Dealing with schema drift

Admin · September 5, 2024, 2:44pm

‘Schema drift’ is where the columns in an input change over time. E.g.:

new columns are added
existing columns are deleted
the column order changes

It can be a real nuisance for transformations that you run regularly.

In Easy Data Transform you can handle this using Stack. But this can be quite tedious to do.

So we are adding a new Schema feature to inputs in v2. This gives you the option to store an ordered list of column names with each input and say what you want to do if the input does not match the schema.

add missing columns (in the schema, but not in the input) with empty values
rearrange input columns into the same order as the schema
add or ignore extra columns (in the input, but not in the schema)
stop with an error

We hope to have a beta version that customers can try in not too long.

prashant · September 7, 2024, 2:05am

now you just teasing us

My take on Rearrange

will be very helpful , but you will have to show the user the existing column order also to help
Give the option to enter ‘dummy’ column with ‘dummy’ value so in case a column is deleted , user can insert that too , to maintain integrity in calculation downstream.
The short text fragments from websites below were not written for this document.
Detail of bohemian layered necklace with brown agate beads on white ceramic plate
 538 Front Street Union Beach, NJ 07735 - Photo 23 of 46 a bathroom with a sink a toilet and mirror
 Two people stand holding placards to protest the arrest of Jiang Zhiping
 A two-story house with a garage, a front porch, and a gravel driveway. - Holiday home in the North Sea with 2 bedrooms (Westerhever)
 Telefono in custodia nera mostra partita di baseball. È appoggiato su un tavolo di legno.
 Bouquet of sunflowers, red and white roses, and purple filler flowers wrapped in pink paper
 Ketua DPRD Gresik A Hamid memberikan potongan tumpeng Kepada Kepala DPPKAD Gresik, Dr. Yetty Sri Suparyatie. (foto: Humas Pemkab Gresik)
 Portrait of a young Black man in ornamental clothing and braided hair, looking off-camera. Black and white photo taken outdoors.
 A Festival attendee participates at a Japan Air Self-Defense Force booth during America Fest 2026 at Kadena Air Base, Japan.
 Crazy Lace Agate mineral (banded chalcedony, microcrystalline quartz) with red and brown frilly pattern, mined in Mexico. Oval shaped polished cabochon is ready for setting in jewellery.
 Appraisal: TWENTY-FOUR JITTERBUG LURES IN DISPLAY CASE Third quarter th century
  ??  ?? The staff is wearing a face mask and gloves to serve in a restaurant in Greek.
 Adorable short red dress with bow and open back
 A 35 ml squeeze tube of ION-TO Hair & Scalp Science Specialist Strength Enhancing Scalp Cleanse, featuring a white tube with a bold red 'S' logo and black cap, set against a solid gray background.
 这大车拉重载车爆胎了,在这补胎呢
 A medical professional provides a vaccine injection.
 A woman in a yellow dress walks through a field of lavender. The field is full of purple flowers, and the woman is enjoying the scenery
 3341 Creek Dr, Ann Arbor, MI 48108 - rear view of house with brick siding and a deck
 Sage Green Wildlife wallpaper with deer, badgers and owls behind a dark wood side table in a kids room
Admin · September 7, 2024, 8:14am

Yes, still thinking about that.

That has already been added.

prashant · September 7, 2024, 9:59am

oooh la la ! I am now looking forward to the big bad beta , which I hope is paid !

MikeA · September 11, 2024, 2:40pm

This looks fantastic. Looking forward to v2.

joker · October 14, 2024, 12:02pm

I can’t stop thinking about this, as schema drift is quite an issue for me. But as my situation is more working towards pretty big/complex schemas:

Can we have this as a transform please??? Check the data set against a given schema?

Would be just so great.

Anonymous · October 14, 2024, 1:45pm

You can do that by using Stack transform.

Have a clipboard input with only header i.e your schema like column names
Input your data file, have a Sample transform and set only for few records (even 1 record is enough)
Stack them together using Stack transform
Values for the same column header will fall into their respective columns
Any column which does not match will get added to the right

This way you will know your schema drift.

Admin · October 14, 2024, 5:33pm

As @Anonymous says, you can Stack columns by name. But the new schema versioning feature built into inputs should be more powerful and easier to use. Have you tried it?

joker · October 14, 2024, 7:37pm

yes, I know and tried it.
The new schema on import is so much more powerful and helpful! But as I said: I am more often working towards a given schema. The import schema does not help too much on this.

Admin · October 14, 2024, 8:37pm

You could set Verify to fail if you don’t end up with the expected column names.